REQUIREMENT: Copy nothing but the lines below running from the line containing "Brandweer spoelt riool" through the line containing "New 2025 Ford", both end lines included.
[TASK MATERIAL]
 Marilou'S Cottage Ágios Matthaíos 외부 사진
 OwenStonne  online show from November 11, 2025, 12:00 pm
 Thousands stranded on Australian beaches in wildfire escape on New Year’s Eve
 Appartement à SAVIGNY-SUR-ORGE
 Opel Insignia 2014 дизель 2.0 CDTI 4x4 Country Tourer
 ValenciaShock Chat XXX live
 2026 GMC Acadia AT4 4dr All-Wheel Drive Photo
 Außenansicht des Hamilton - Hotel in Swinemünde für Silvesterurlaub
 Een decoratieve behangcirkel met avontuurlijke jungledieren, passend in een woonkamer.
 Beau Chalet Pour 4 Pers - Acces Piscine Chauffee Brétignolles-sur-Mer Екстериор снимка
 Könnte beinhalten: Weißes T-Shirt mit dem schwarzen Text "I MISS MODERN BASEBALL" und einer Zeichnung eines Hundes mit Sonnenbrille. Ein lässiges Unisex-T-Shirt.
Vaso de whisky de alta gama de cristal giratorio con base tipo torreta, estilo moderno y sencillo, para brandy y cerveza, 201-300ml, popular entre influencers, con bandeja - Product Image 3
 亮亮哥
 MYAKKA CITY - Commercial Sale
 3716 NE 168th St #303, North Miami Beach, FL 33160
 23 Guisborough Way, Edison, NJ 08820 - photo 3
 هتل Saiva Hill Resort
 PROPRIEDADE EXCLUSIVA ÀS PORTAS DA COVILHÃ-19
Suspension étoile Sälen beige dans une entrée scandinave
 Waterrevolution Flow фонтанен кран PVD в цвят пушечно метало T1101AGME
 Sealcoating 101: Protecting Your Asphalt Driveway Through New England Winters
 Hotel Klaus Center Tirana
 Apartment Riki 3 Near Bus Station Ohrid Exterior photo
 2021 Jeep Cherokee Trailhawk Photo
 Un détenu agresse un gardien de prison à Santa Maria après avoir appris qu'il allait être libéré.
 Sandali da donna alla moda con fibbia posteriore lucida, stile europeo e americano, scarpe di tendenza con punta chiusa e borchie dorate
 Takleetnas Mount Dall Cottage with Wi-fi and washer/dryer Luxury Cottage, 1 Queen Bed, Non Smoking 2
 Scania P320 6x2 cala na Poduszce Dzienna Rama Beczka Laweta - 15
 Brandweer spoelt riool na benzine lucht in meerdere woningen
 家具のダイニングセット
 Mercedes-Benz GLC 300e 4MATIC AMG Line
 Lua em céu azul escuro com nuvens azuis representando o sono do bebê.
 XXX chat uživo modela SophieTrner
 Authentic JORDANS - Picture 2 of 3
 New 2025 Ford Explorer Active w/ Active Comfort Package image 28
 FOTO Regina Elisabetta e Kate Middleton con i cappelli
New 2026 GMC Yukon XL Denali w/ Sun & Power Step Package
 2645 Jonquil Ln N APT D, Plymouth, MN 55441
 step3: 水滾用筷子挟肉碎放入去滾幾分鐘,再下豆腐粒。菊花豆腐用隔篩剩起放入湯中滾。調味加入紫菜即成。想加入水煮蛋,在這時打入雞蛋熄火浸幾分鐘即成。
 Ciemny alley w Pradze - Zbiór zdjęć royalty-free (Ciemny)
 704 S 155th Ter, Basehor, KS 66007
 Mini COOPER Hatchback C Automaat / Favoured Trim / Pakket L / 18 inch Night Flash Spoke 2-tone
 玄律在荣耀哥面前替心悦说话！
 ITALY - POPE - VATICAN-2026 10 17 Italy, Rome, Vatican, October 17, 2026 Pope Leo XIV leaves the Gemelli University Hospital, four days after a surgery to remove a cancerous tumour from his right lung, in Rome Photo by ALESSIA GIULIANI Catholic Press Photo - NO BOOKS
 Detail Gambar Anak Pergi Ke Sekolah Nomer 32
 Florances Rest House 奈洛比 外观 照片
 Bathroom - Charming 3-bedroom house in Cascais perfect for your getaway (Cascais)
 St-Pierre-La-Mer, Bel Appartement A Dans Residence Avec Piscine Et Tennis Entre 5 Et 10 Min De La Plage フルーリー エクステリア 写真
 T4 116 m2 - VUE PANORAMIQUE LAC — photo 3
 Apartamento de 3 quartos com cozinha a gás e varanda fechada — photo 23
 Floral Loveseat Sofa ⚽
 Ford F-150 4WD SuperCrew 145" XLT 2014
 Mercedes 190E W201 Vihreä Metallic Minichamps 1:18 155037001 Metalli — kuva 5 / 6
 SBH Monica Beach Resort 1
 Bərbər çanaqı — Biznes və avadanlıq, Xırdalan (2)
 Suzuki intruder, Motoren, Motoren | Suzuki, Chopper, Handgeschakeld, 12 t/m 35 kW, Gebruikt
[/TASK MATERIAL]
TASK RESULT:
 Brandweer spoelt riool na benzine lucht in meerdere woningen
 家具のダイニングセット
 Mercedes-Benz GLC 300e 4MATIC AMG Line
 Lua em céu azul escuro com nuvens azuis representando o sono do bebê.
 XXX chat uživo modela SophieTrner
 Authentic JORDANS - Picture 2 of 3
 New 2025 Ford Explorer Active w/ Active Comfort Package image 28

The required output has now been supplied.